#### [DATASET]

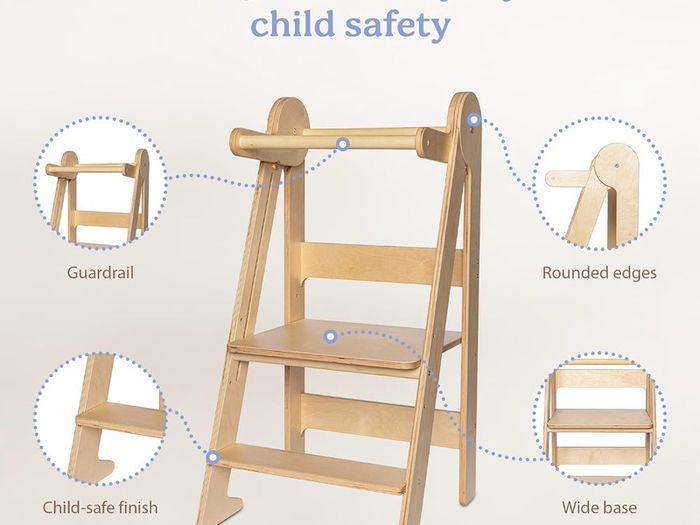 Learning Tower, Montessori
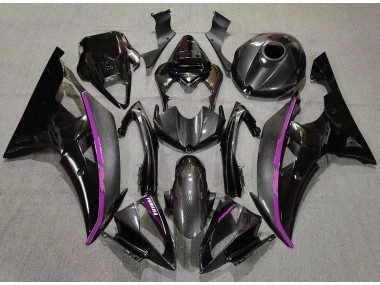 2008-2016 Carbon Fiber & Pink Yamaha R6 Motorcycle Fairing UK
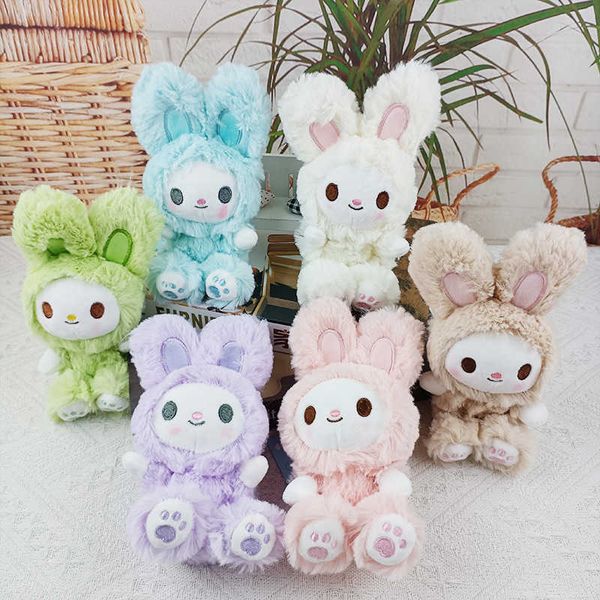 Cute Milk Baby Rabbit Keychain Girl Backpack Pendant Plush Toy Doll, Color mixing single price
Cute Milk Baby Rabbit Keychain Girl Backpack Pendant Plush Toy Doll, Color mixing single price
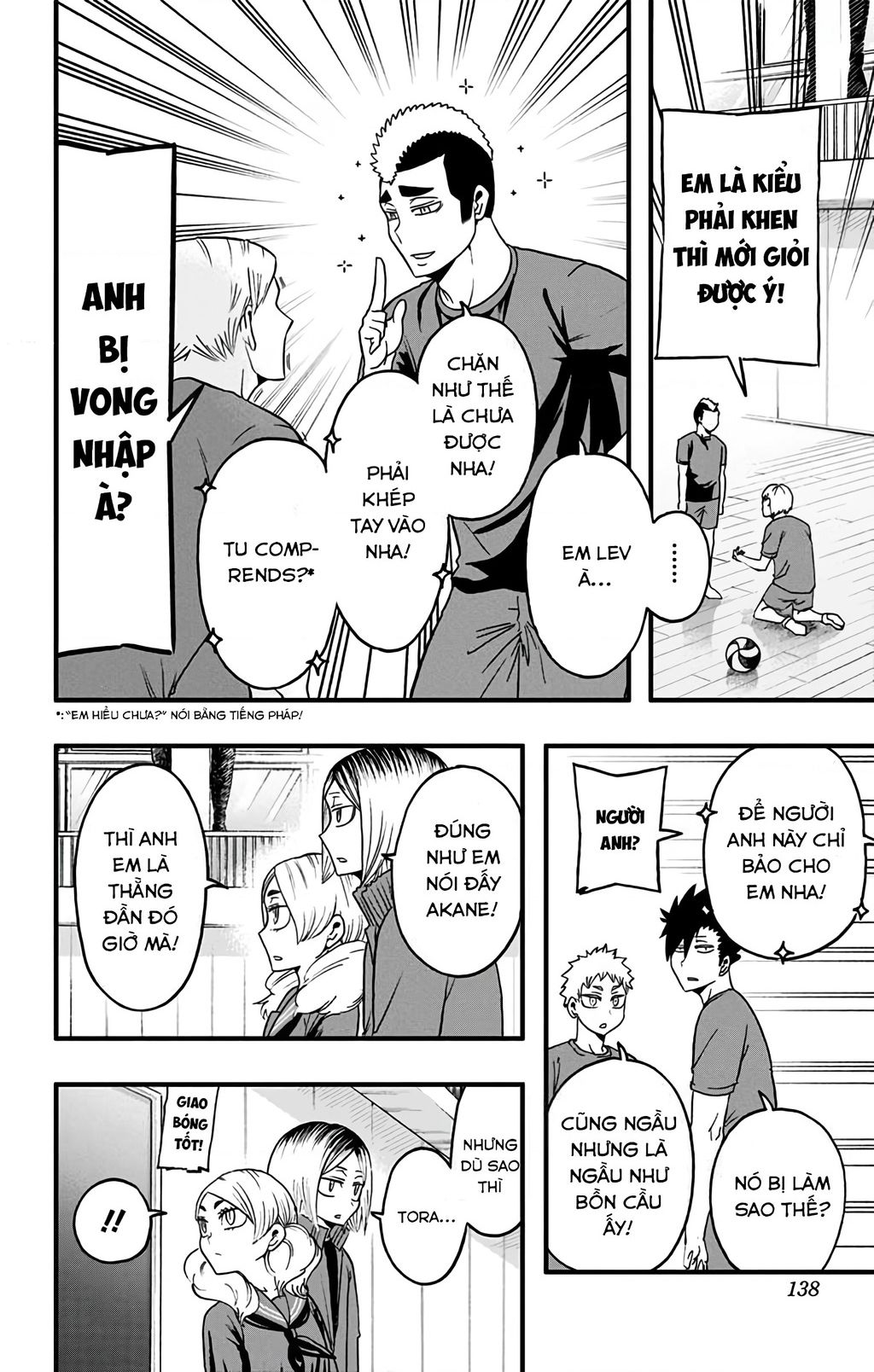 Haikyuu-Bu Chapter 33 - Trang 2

#### [EXERCISE REQUIREMENTS]
Once the pictures are set aside, the remaining data must be transcribed exactly.

#### [YOUR SOLUTION]
 Learning Tower, Montessori
 2008-2016 Carbon Fiber & Pink Yamaha R6 Motorcycle Fairing UK
 Cute Milk Baby Rabbit Keychain Girl Backpack Pendant Plush Toy Doll, Color mixing single price
Cute Milk Baby Rabbit Keychain Girl Backpack Pendant Plush Toy Doll, Color mixing single price
 Haikyuu-Bu Chapter 33 - Trang 2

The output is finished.